Assim, como pode o cliente revogar a qualquer tempo o mandato concedido, o contrato de serviços jurídicos também pode ser resilido a qualquer tempo. O mesmo vale para o advogado que, também a qualquer tempo, pode resilir seu contrato de serviços jurídicos, renunciando ao mandato que lhe foi outorgado.
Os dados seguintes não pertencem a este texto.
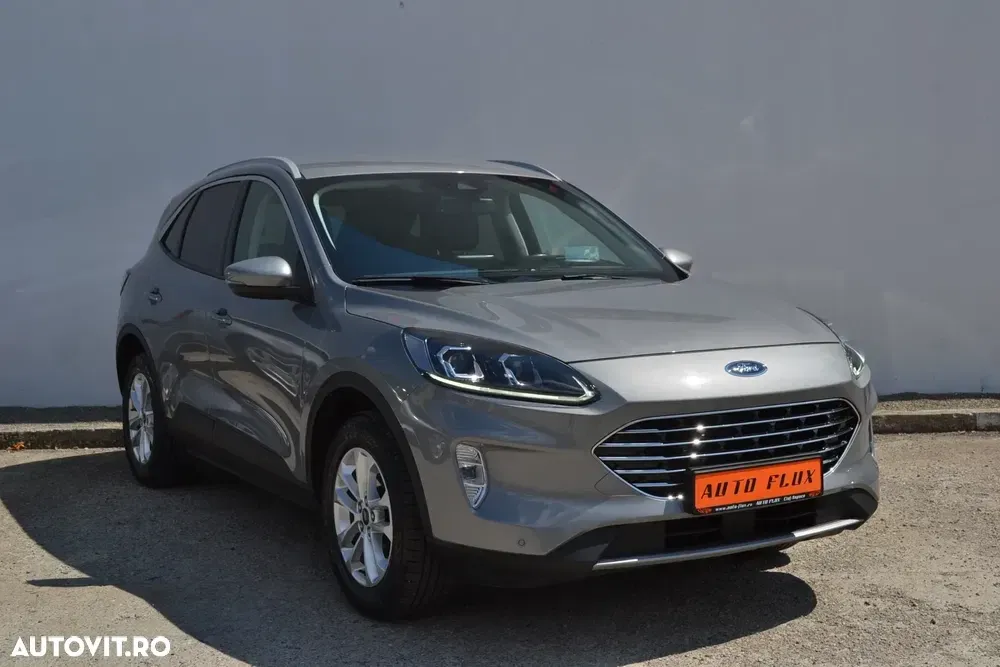 Ford Kuga III 2.5 Duratec FHEV AWD Titanium X — imagine 3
Tratando-se de um direito, é totalmente incabível a fixação de multa ante seu exercício.
A questão do estabelecimento de honorários acima do que dispõe a Tabela de Honorários da OAB é facilmente solucionada pelo que está disposto no art. 36, do Código de Ética e Disciplina da OAB, in verbis:
Art. 36. Os honorários profissionais devem ser fixados com moderação, atendidos os elementos seguintes:
I – a relevância, o vulto, a complexidade e a dificuldade das questões versadas;
II – o trabalho e o tempo necessários;
III – a possibilidade de ficar o advogado impedido de intervir em outros casos, ou de se desavir com outros clientes ou terceiros;
IV – o valor da causa, a condição econômica do cliente e o proveito para ele resultante do serviço profissional;
V – o caráter da intervenção, conforme se trate de serviço a cliente avulso, habitual ou permanente;
VI – o lugar da prestação dos serviços, fora ou não do domicílio do advogado;
VII – a competência e o renome do profissional;
VIII – a praxe do foro sobre trabalhos análogos
Só pela leitura do texto vê-se que a Tabela de Honorários da OAB é indicativa e, assim mesmo, indicativa do mínimo e não do máximo, máximo este que está balizado pelo princípio da moderação, estabelecido no caput do citado art. 36, do CED.